### REQUIRED WORK
Please take the records that follow and repeat exactly the lines starting with the line with "Telenavarra - Telenavarra - 21/05/2015" and going on through the line with "They Feed on Loosh | iPhone Case".

### SOURCE INFORMATION
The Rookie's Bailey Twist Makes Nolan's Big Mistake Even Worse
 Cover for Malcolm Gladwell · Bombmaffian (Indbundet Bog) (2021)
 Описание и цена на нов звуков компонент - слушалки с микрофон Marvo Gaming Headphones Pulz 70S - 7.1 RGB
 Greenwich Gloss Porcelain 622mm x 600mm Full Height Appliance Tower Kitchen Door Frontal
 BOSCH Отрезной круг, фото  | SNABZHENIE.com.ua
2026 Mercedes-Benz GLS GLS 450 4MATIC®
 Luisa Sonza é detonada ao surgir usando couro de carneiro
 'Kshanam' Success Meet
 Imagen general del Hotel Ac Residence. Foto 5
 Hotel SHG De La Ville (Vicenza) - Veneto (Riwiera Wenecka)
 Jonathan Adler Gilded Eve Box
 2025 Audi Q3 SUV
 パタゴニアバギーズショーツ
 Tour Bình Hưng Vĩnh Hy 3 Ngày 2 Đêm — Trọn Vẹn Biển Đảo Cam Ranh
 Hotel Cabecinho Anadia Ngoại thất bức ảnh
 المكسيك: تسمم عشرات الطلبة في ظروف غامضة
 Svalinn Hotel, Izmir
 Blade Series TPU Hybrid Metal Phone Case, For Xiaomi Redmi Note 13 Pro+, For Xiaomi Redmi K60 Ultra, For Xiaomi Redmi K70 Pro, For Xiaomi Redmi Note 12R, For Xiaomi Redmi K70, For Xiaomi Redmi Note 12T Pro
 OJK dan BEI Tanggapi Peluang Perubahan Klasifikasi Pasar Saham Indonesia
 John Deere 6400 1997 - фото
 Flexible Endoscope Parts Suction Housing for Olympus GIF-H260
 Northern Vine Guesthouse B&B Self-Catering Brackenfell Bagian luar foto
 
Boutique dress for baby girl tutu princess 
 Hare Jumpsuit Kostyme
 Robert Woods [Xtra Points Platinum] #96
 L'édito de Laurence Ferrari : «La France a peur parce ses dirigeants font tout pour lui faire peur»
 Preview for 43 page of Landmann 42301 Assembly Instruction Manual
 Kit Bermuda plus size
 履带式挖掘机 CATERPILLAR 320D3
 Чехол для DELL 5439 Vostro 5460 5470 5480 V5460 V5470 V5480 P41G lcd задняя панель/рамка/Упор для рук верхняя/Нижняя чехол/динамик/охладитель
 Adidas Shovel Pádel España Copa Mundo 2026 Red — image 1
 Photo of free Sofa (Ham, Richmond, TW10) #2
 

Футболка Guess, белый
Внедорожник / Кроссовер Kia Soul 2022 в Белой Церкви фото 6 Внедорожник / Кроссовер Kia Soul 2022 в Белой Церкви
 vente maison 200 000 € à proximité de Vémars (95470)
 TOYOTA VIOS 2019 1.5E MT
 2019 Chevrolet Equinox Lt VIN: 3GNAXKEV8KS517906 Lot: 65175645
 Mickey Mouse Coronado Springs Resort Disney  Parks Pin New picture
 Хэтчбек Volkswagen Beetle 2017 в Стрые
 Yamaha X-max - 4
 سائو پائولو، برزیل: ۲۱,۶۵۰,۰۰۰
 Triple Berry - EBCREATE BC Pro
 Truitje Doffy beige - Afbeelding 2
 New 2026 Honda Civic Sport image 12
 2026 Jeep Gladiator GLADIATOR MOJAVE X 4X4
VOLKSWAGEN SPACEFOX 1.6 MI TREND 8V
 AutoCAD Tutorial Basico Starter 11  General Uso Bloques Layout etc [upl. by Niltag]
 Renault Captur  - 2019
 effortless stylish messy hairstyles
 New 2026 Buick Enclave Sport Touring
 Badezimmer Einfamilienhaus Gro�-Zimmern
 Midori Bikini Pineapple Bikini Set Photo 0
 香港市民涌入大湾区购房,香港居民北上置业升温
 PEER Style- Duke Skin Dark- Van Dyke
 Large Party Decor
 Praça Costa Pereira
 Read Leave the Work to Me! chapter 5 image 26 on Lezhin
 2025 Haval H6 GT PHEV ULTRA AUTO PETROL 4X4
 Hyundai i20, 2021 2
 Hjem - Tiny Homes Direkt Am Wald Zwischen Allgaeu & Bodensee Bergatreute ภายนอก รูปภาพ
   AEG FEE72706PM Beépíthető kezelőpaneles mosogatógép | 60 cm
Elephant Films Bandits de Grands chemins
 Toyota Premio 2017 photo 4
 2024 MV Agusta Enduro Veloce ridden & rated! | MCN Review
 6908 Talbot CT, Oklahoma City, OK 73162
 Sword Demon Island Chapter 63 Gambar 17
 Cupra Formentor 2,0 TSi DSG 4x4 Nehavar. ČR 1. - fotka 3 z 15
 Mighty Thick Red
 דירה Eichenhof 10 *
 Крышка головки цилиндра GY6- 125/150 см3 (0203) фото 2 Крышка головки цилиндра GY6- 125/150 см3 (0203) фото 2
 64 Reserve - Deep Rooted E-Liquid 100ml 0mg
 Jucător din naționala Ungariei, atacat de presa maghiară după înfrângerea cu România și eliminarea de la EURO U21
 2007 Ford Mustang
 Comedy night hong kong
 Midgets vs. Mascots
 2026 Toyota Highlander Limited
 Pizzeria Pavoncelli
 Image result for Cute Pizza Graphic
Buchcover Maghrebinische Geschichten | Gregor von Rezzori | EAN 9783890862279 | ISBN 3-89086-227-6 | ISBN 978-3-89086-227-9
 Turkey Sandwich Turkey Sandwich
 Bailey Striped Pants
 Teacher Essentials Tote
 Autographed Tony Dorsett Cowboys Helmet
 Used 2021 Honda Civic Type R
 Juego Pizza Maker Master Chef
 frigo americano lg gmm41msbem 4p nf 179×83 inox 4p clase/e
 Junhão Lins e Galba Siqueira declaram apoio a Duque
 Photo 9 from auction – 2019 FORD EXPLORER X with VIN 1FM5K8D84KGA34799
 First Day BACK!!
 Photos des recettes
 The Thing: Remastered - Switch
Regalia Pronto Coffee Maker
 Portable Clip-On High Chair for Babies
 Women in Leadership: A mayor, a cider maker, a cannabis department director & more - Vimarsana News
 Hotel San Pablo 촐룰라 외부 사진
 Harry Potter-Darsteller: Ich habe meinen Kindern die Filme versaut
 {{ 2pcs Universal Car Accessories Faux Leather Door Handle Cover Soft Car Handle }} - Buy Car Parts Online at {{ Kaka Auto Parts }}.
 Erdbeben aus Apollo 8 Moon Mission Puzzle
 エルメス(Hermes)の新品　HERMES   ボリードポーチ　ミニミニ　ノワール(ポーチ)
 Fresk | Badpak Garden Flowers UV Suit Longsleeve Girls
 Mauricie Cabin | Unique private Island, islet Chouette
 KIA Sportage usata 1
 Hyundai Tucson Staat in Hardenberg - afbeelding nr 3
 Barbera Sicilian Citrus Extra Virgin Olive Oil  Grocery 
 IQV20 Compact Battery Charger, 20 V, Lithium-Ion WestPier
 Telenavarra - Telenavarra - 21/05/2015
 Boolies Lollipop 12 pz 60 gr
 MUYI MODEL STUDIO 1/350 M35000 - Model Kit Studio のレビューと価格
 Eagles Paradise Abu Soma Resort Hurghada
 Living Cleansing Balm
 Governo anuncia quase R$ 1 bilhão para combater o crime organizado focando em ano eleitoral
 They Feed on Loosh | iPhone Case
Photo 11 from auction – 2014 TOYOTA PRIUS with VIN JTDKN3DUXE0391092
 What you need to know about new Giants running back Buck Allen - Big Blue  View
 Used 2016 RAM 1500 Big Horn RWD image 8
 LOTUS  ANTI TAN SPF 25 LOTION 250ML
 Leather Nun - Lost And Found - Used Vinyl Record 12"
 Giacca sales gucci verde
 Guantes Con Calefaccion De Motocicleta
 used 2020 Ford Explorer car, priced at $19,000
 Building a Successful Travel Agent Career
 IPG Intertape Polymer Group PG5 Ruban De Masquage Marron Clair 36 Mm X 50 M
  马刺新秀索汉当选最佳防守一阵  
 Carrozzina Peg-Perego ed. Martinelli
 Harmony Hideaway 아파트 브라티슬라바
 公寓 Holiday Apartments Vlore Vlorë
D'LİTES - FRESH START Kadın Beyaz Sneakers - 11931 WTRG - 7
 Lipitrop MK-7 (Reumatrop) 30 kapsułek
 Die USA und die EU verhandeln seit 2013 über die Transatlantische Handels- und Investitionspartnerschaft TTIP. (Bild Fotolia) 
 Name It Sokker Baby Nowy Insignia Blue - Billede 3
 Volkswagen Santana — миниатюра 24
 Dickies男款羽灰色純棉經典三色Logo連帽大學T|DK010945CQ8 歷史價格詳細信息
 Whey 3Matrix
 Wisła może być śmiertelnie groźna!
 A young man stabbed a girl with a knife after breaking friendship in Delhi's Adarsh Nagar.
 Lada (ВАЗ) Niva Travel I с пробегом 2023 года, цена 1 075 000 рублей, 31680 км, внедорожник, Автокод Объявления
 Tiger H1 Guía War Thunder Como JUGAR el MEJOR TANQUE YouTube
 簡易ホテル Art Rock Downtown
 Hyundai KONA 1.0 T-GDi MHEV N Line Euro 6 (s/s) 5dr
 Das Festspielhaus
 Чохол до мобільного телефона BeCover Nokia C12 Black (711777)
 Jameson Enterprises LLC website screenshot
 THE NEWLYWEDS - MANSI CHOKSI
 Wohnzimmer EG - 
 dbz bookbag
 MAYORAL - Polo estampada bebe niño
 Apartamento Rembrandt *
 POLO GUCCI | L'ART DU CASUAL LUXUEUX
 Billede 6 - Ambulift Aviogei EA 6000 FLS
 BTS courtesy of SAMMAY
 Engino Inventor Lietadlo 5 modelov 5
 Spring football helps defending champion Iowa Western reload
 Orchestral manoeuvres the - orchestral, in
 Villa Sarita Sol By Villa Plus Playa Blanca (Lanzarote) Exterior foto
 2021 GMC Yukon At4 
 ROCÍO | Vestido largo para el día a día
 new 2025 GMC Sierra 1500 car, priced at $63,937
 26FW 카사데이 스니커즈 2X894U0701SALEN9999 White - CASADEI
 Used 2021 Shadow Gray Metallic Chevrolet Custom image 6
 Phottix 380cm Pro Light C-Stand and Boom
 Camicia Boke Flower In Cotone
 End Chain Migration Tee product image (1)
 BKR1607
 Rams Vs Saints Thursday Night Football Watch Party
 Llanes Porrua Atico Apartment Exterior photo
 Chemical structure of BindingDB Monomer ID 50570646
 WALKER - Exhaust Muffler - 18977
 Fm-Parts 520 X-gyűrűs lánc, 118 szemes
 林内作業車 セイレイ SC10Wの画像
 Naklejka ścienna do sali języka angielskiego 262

### SOLUTION TO THIS EXERCISE
 Telenavarra - Telenavarra - 21/05/2015
 Boolies Lollipop 12 pz 60 gr
 MUYI MODEL STUDIO 1/350 M35000 - Model Kit Studio のレビューと価格
 Eagles Paradise Abu Soma Resort Hurghada
 Living Cleansing Balm
 Governo anuncia quase R$ 1 bilhão para combater o crime organizado focando em ano eleitoral
 They Feed on Loosh | iPhone Case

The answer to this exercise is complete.